We see celebrities as heroic, glamorous, adventurous, beautiful, rich, privileged -- everything we aspire to be.
So we idolize them.
We buy the hemorrhoid products celebrities endorse; we dress (or in some cases undress) like them; we soak up their every word when they lecture us on the finer points of our national energy policy.
We even try to connect to them on some supernatural level by owning items they may have touched or signed, just as our ancestors in medieval times sought out holy relics, which is why people might covet an autographed Trudeau hat.
Part of this worshipping process includes transforming our celebrities into idealized versions of humanity.
After all, what’s the point of paying homage to a regular schmuck?
So it is that Trudeau’s celebrity status also confers upon him the aura of a perfect politician, a leader who is imbued with positivity and idealism, whose motives are completely pure, whose aims are utterly noble, and whose hair has achieved a divine level of flawlessness.
That’s why, unlike regular, run-of-the-mill, non-celebrity politicians, Trudeau doesn’t need policies or platforms or, you know, anything actually resembling a real idea.
Indeed, the implied Liberal “marketing” message is that Trudeau, through a combination of celebrity superpowers and Chinese-communist-style efficiency, will painlessly and effortlessly solve all our problems.
The budget will balance itself;
Alberta will develop oil sands in a way that
makes the air smell like roses; and once Trudeau discovers the “root causes” of
evil, Vladimir Putin and ISIS will turn away from aggression and dedicate
themselves to helping homeless puppies.
Who can compete with a narrative like that? No wonder Trudeau is soaring in the polls.
Of course, somewhere deep in our hearts, we all realize the Trudeau story is really just a nice fairy tale, just as know that Kermit the Frog is really just a piece of felt with buttons for eyes.
But the Trudeau fairy tale is one we desperately want to believe. We want to believe there’s a leader out there who can magically make the country a better place, who can unite us all regardless of race, region or hockey affiliation, who can rise above partisan political bickering, who will let us have our cake and eat it too.

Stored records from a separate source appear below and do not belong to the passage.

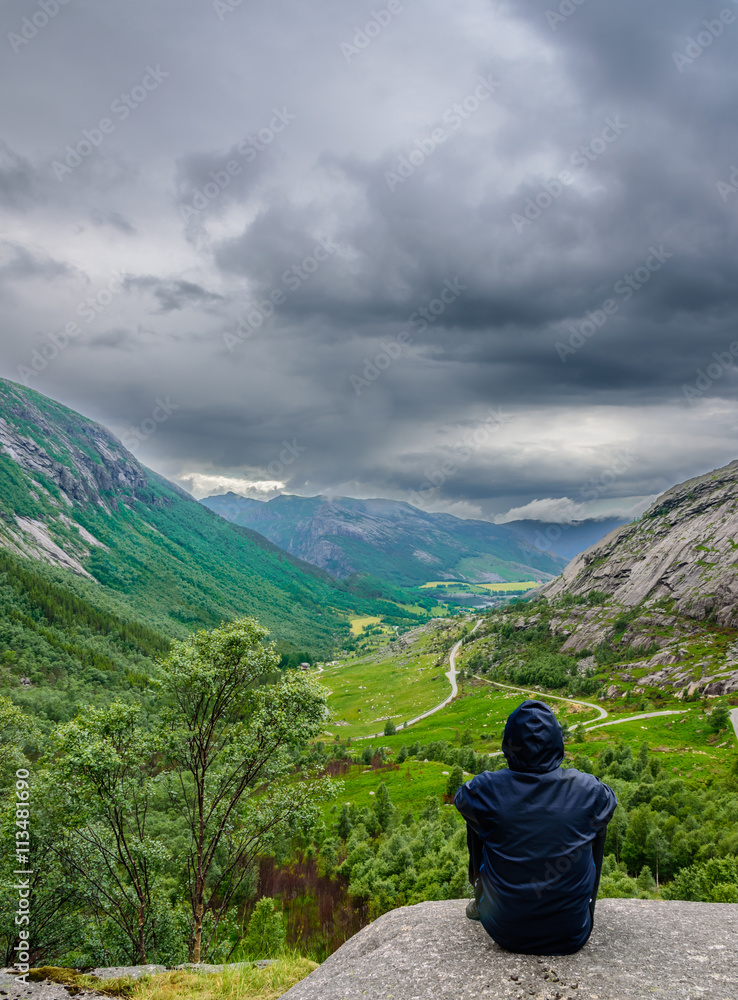 Naklejka premium Person enjoying the view over a beautiful Norwegian valley, right before the storm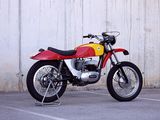 a red and yellow motorcycle parked in a parking lot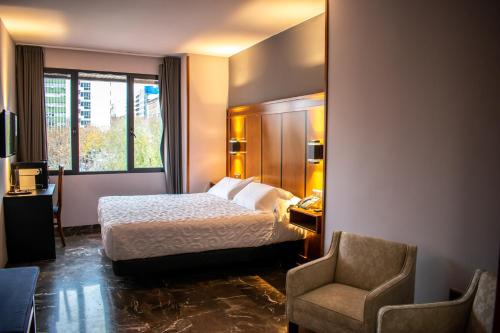 Habitación de hotel con cama y silla en Hotel Condestable Iranzo, en Jaén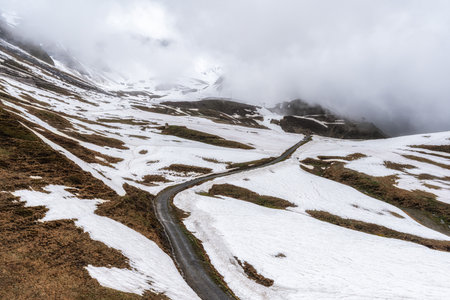 Grindelwald first snow covered summit top. Mountain and hill tops covered in snow near the First...
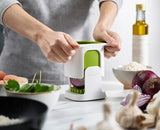 ChopCup with the lid lifted to show the stainless-steel blades.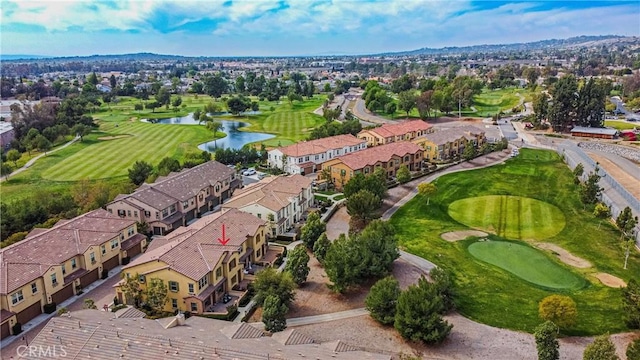 birds eye view of property with a residential view, a water view, and golf course view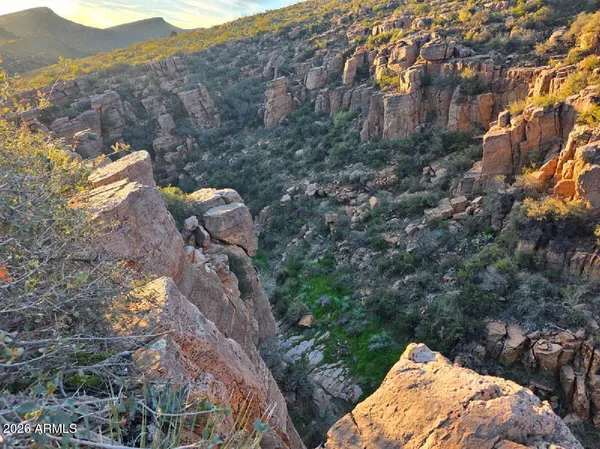 a view of a wooden house with a yard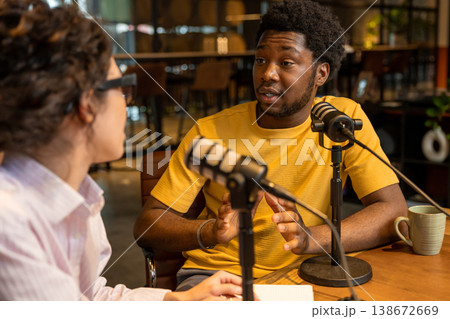 Partners discussing topics during live audio recording Partners discussing topics during live audio recording 138672669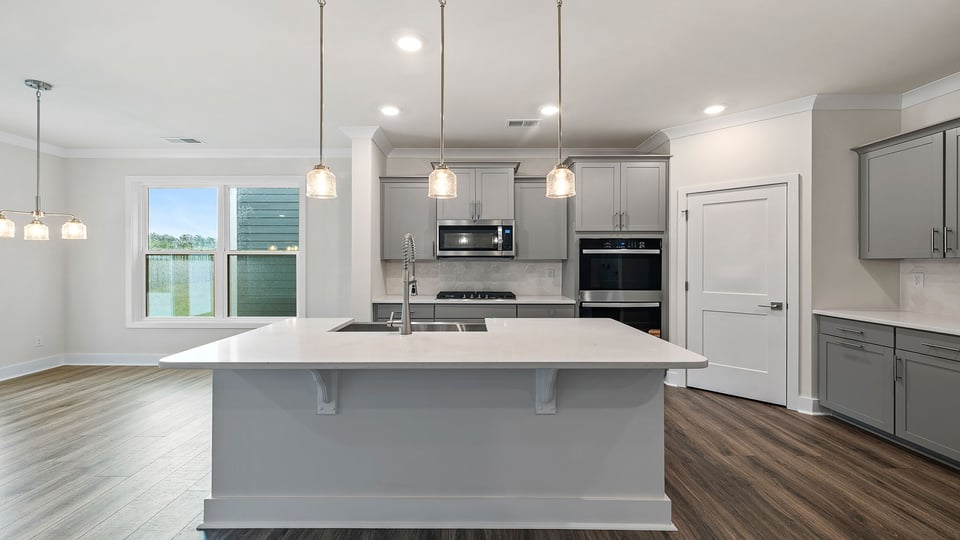 Kitchen with pendulum lighting.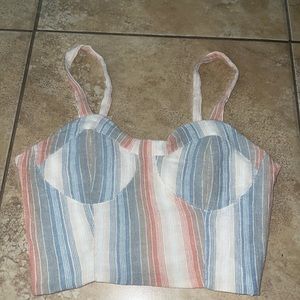 Crop top from Charlotte Russe, size medium, colors pink, blue, white, & beige.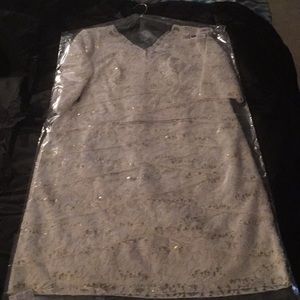 White lace dress with gold sequins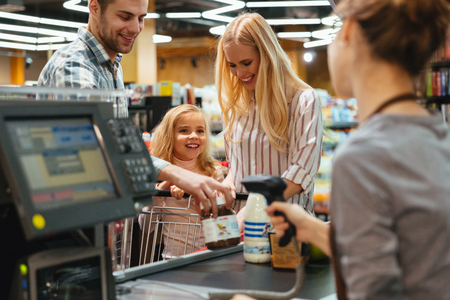 Happy family standing at the cash counter buying groceries at the supermarketの写真素材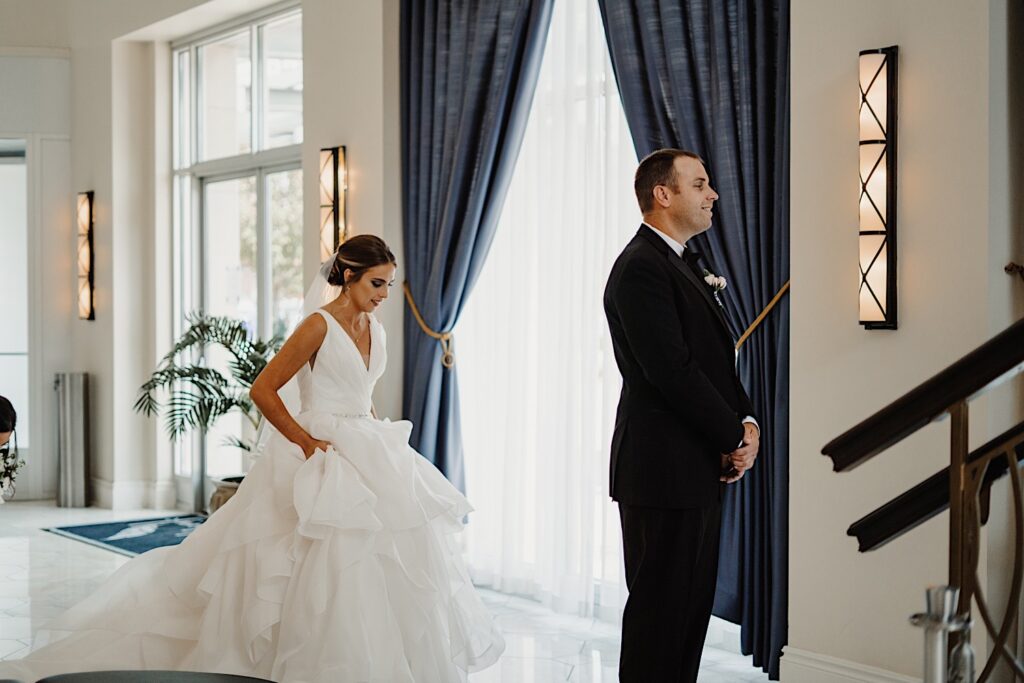 In a hotel lobby next to a large window a bride sneaks up on a groom who is smiling facing away from her as the two are about to have their first look with one another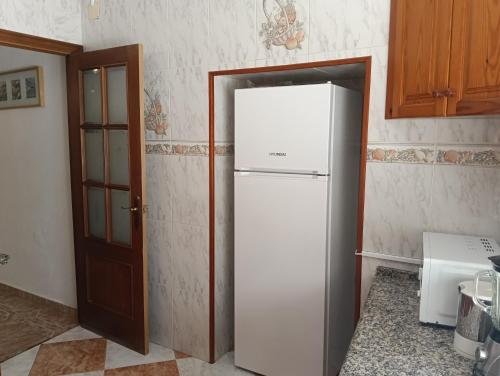 una nevera blanca en una cocina junto a una puerta en Casa Algarabía, en Sanlúcar de Barrameda
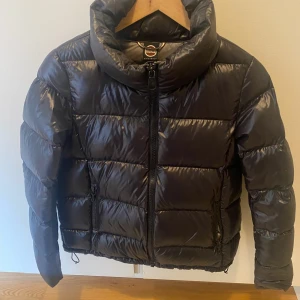 Svart pufferjacka från Colmar - Snygg svart pufferjacka från Colmar med hög krage och dragkedja framtill. Jackan har en glansig finish, två fickor med dragkedja och quiltad design. Perfekt för kalla dagar när du vill hålla stilen och värmen.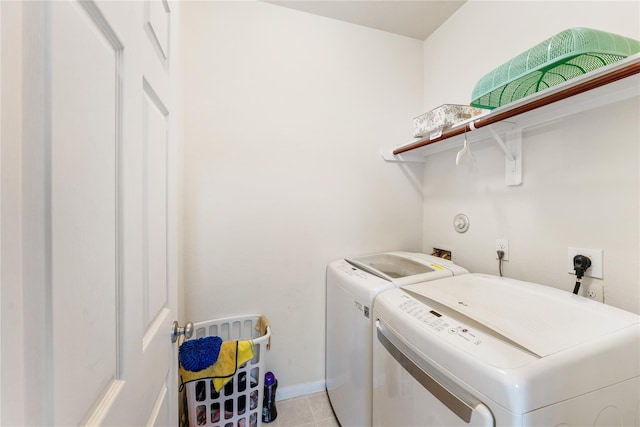 clothes washing area with light tile patterned floors, laundry area, separate washer and dryer, and baseboards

We don’t want to pull back the curtain and see Trudeau for what he really is: a likable but inexperienced, gaffe-prone politician who is probably incapable of uttering anything beyond carefully rehearsed platitudes.
That would force us to face the ugly truth: that no matter who is prime minister, no matter which party is in charge, politics is a messy, tough, cynical, scandal-prone business that offers no clear cut or easy answers.
Who wants to contemplate that harshness when it’s so much easier, so much more satisfying to believe in Trudeau’s rainbows and lollipops agenda?
As Oscar Wilde put it, “illusion is the first of all pleasures.”
Consequently, because it gives us pleasure, Trudeau remains firmly atop his celebrity pedestal, meaning he has a good chance of becoming our next prime minister.
Then, I guess, we will see what happens when illusion confronts reality.